Pictures are to be omitted. Output only the lines from the one containing "Majestic Tug Boat" through the end of the data, word for word.

─── Data extracts

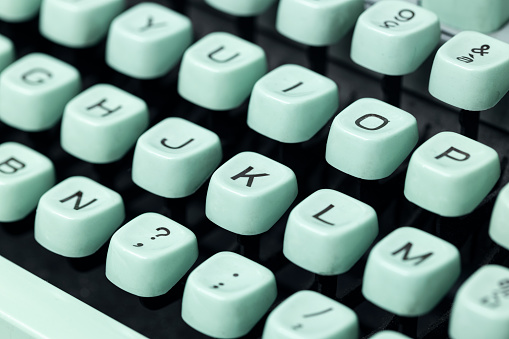 Close up of a vintage green typewriter keys. Selective focus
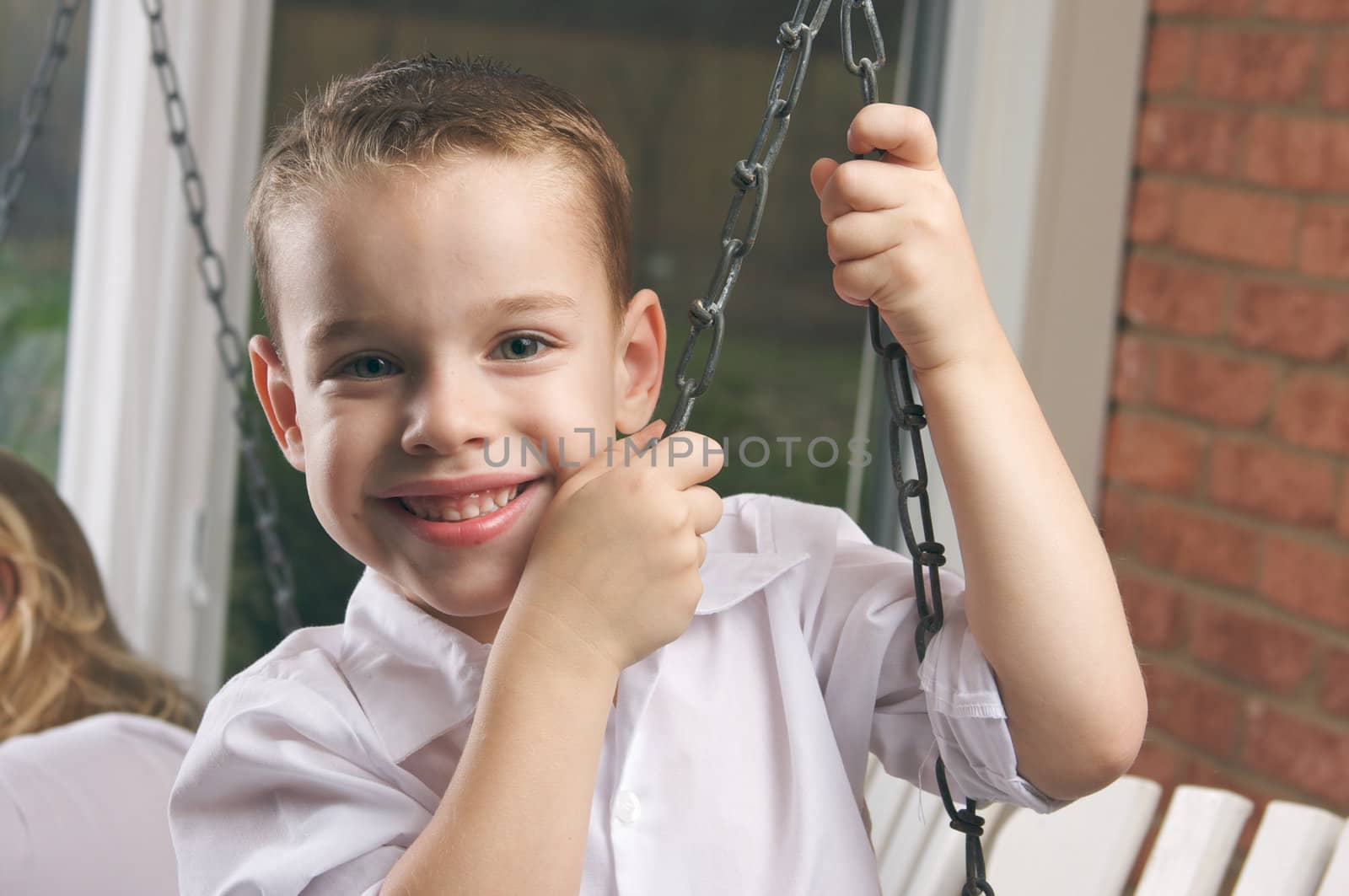 Adorable Young Boy with Blue Eyes Smiles for the Camera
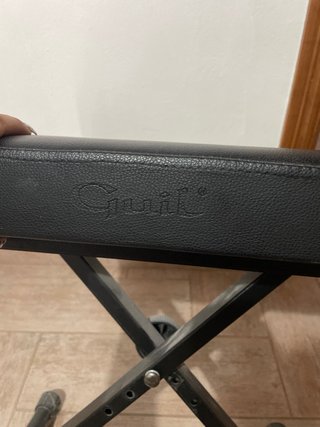 Asiento de piano negro plegable
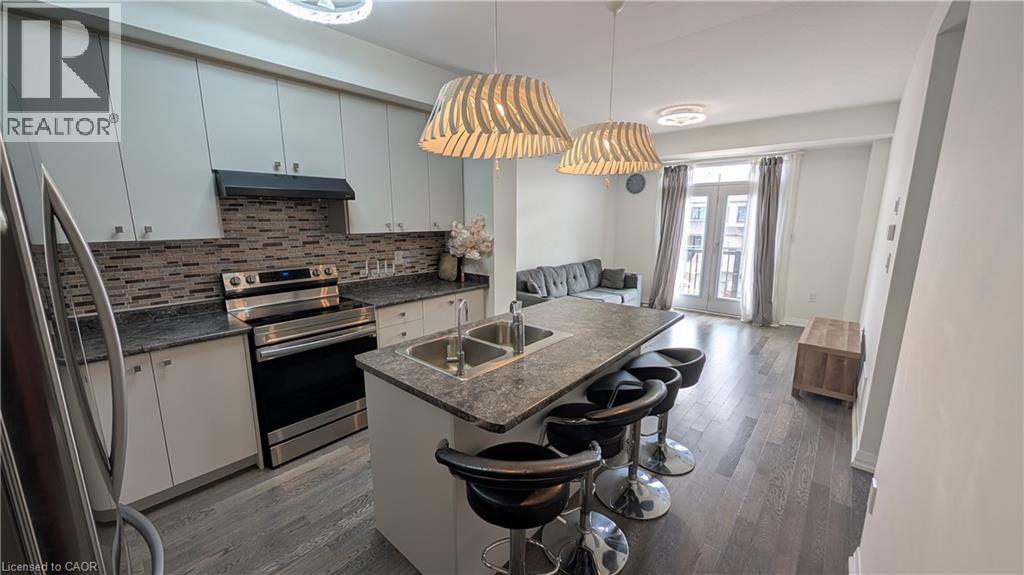 A modern kitchen with a large island and bar stools.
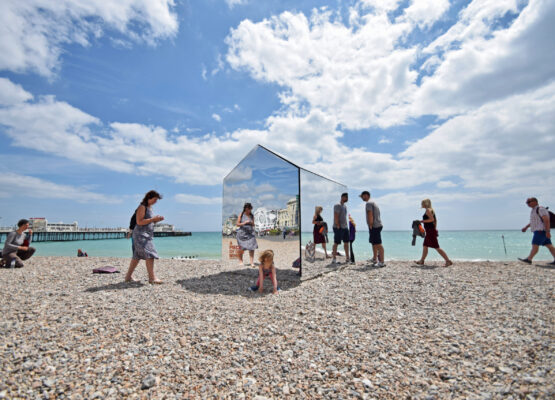 People surrounding a beach hut constructed out of mirrors, on a beach in Sussex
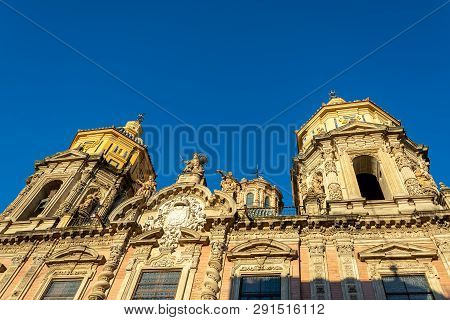 Golden Early Morning Light Falling On The Facade Of The Church Of San Luis De Los Franceses In Sevil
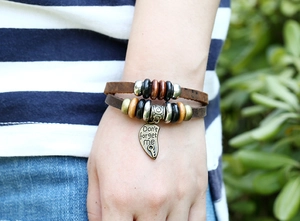 Détail d'un bracelet en cuir à perles avec breloque cœur en bronze gravé Don't forget me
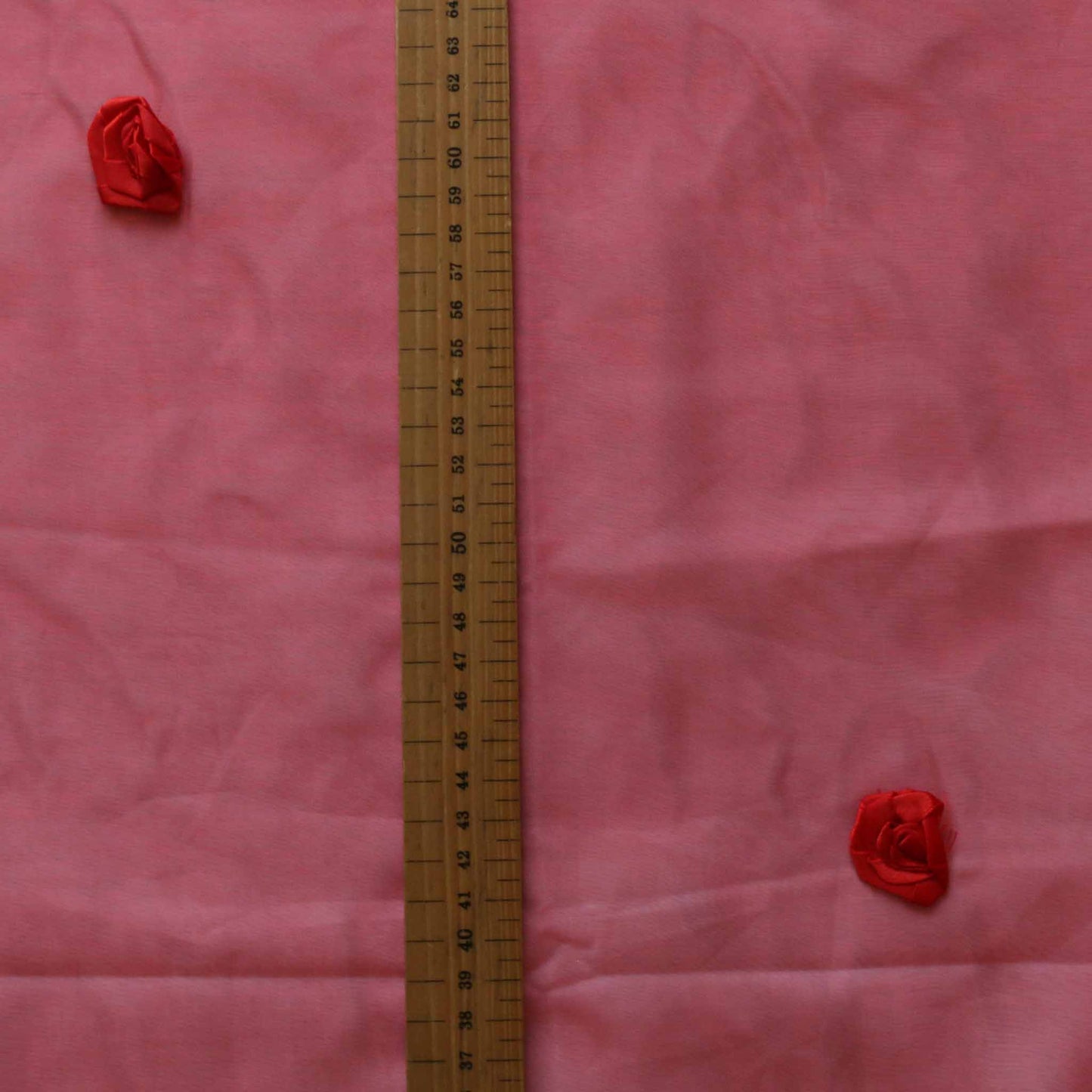 red organza fabric for dressmaking with red rose embellishment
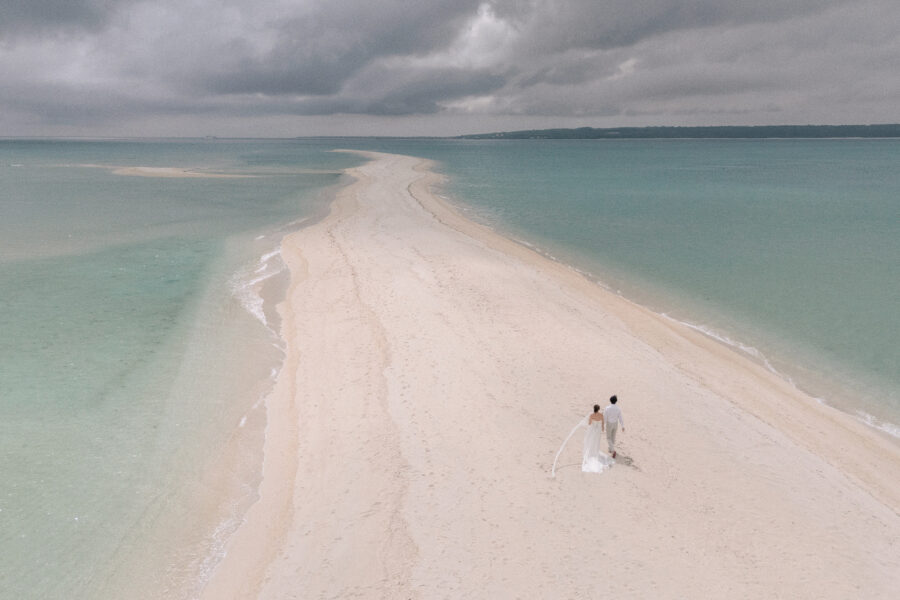 The couple walk a long sandbar through turquoise sea under storm cloud, her veil trailing, the day before their Rosewood Miyakojima wedding.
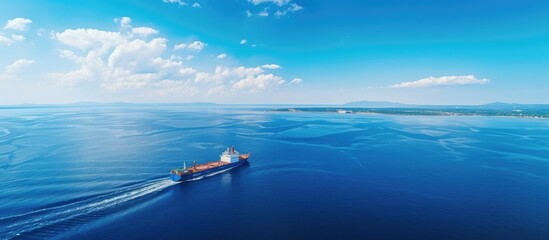 Majestic Tug Boat Assisting an Empty Barge Through the Vast Blue Ocean - obrazy, fototapety, plakaty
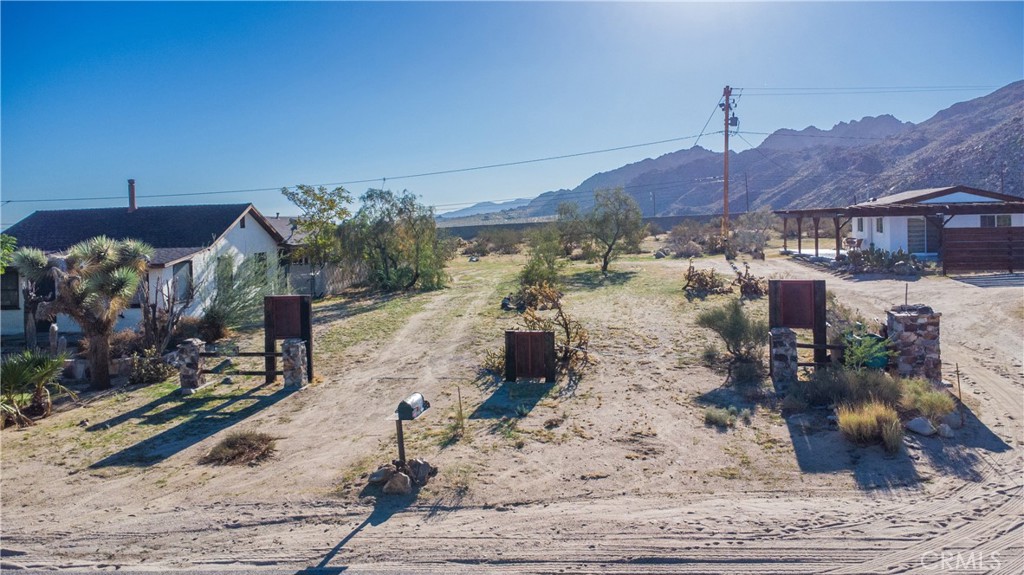 61981 Sunburst Circle Joshua Tree, CA 92252 - Photo 2 of 9 a view of a house with a yard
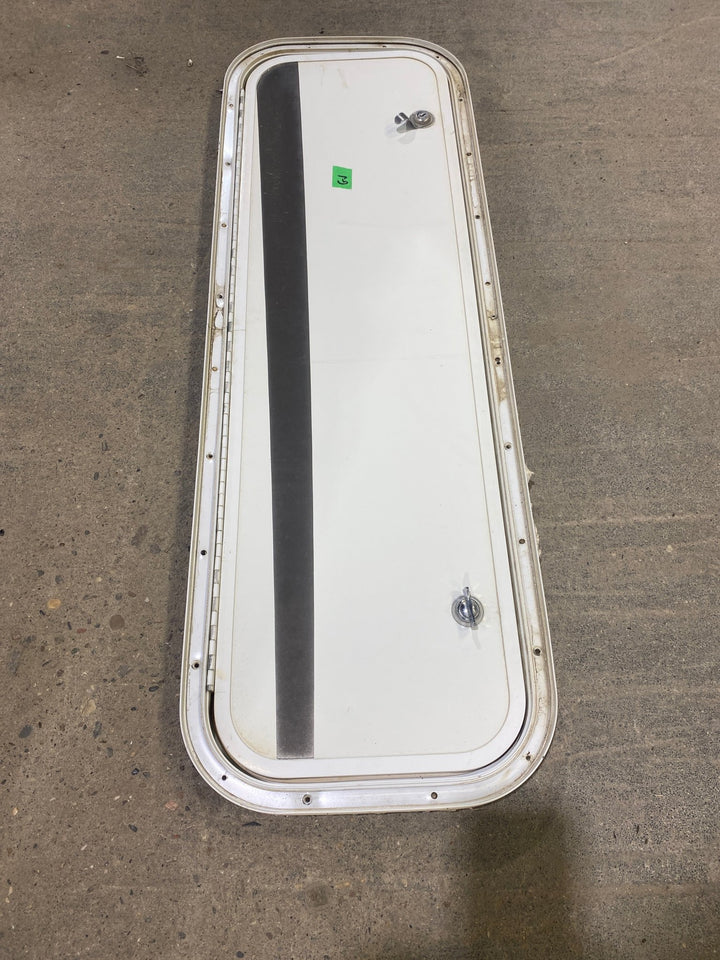 Used Radius Cornered Cargo Door 35 3/4" W x 10 3/4" H x 3/4" D - Young Farts RV Parts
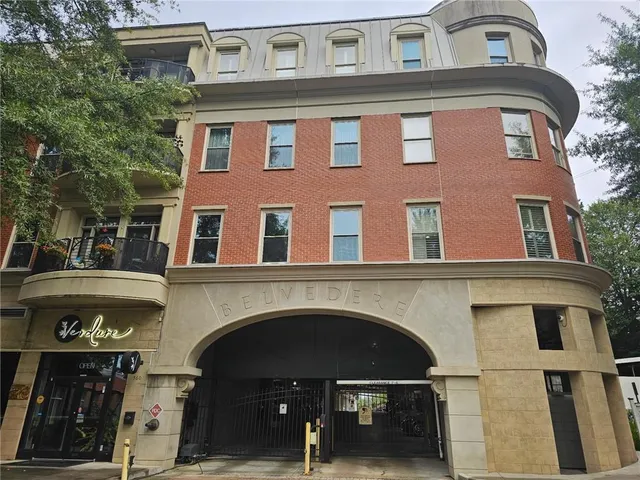 a front view of a building with balcony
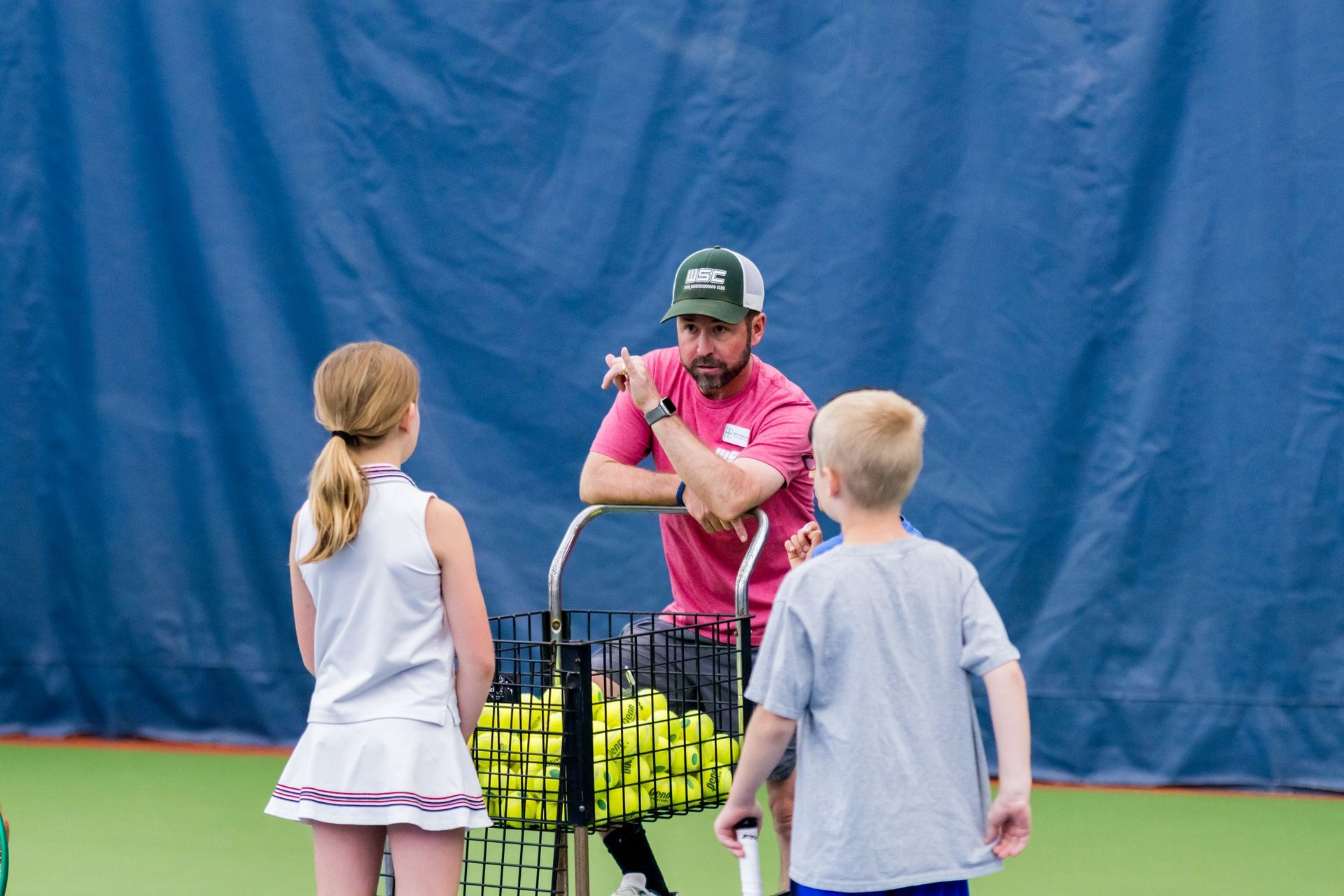 Coach in pink shirt showing two children a tennis drill beside a basket of balls outdoors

──────

▶ Exercise answer:
 Majestic Tug Boat Assisting an Empty Barge Through the Vast Blue Ocean - obrazy, fototapety, plakaty
 61981 Sunburst Circle Joshua Tree, CA 92252 - Photo 2 of 9 a view of a house with a yard
 Used Radius Cornered Cargo Door 35 3/4" W x 10 3/4" H x 3/4" D - Young Farts RV Parts
 a front view of a building with balcony
 Coach in pink shirt showing two children a tennis drill beside a basket of balls outdoors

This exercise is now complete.